This is a bit off-topic but you seem to be new to threading - for one thing, only lock where threads can overlap. Then, try to minimize those places. Also, instead of trying to lock every method, think of what the thread is doing (overall) with an object and make that a single call, and lock that. Try to get your locks as high up as possible (this again increases efficiency and may /help/ to avoid deadlocking). But locks don't 'compose', you have to mentally at least cross-organize your code by where the threads are and overlap.

JDonner
Great job getting to root of the problem. Encapsulate everything as much as possible when they are touched by multiple threads. Accessors weaken encapsulation.
caspin
+8  A: 

All modern thread implementations can handle an uncontended mutex lock entirely in user space (with just a couple of machine instructions) - only when there is contention, the library has to call into the kernel.

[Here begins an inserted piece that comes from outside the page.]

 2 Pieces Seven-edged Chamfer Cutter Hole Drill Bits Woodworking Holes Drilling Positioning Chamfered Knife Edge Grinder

Another point to consider is that if an application doesn't explicitly link to the pthread library (because it's a single-threaded application), it will only get dummy pthread functions (which don't do any locking at all) - only if the application is multi-threaded (and links to the pthread library), the full pthread functions will be used.

And finally, as others have already pointed out, there is no point in protecting a getter method for something like isActive with a mutex - once the caller gets a chance to look at the return value, the value might already have been changed (as the mutex is only locked inside the getter method).

cmeerw
A: 

Well a suboptimal but simple approach is to place macros around your mutex locks and unlocks. Then have a compiler / makefile option to enable / disable threading.

Ex.

#ifdef THREAD_ENABLED
#define pthread_mutex_lock(x) ... //actual mutex call
#endif

#ifndef THREAD_ENABLED
#define pthread_mutex_lock(x) ... //do nothing
#endif

Then when compiling do a gcc -DTHREAD_ENABLED to enable threading.

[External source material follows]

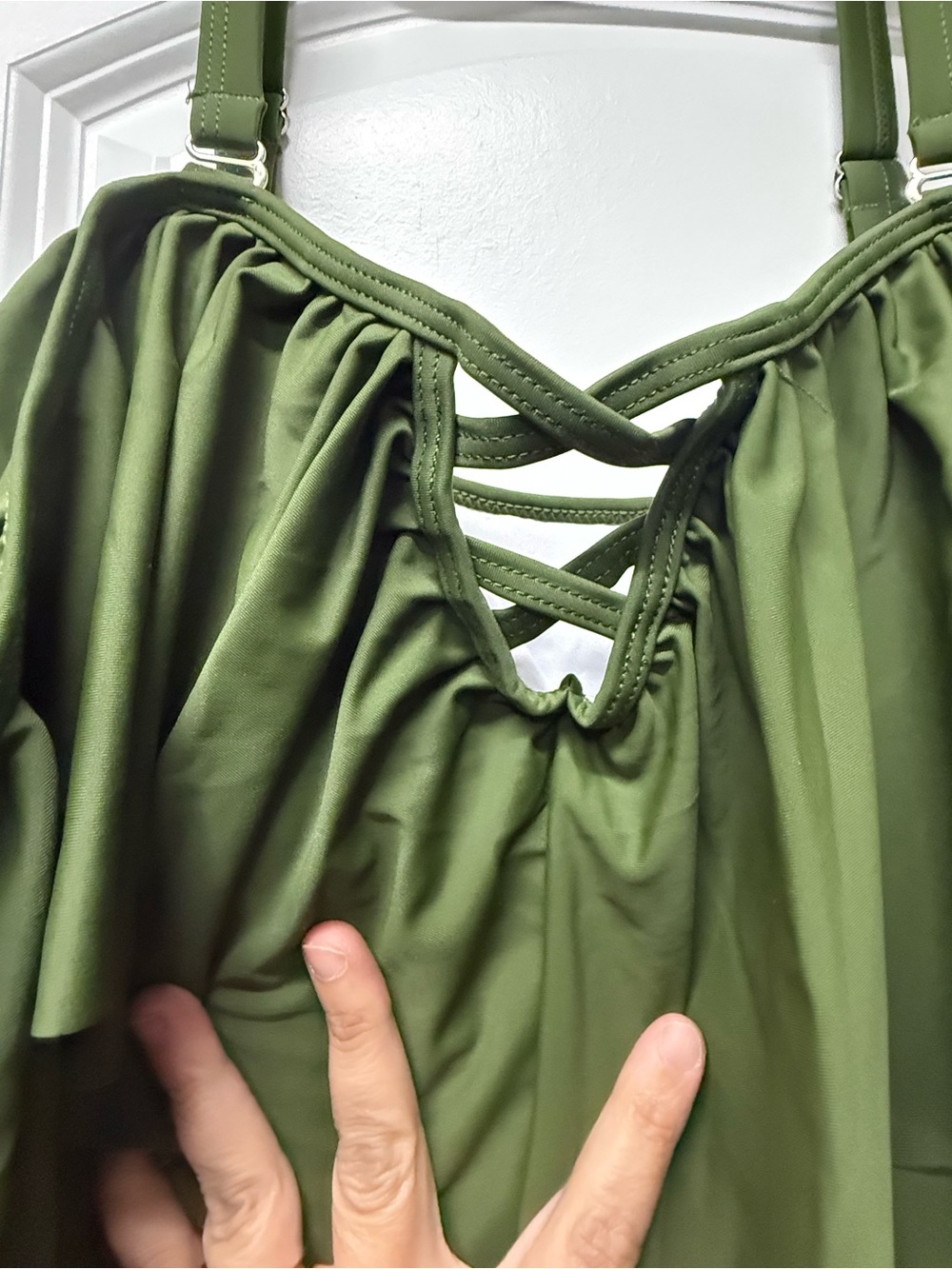 NWT Olive Green Ruffle One Piece Swimsuit Off Shoulder Strappy Back - Picture 4 of 8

Again I would NOT use this method in any large project. But only if you want something fairly simple.

James
+1  A: 

I was curious about the expense of using a pthred_mutex_lock/unlock. I had a scenario where I needed to either copy anywhere from 1500-65K bytes without using a mutex or to use a mutex and do a single write of a pointer to the data needed.

I wrote a short loop to test each gettimeofday(&starttime, NULL) COPY DATA gettimeofday(&endtime, NULL) timersub(&endtime, &starttime, &timediff) print out timediff data

or ettimeofday(&starttime, NULL) pthread_mutex_lock(&mutex); gettimeofday(&endtime, NULL) pthread_mutex_unlock(&mutex); timersub(&endtime, &starttime, &timediff) print out timediff data

If I was copying less than 4000 or so bytes, then the straight copy operation took less time. If however I was copying more than 4000 bytes, then it was less costly to do the mutex lock/unlock.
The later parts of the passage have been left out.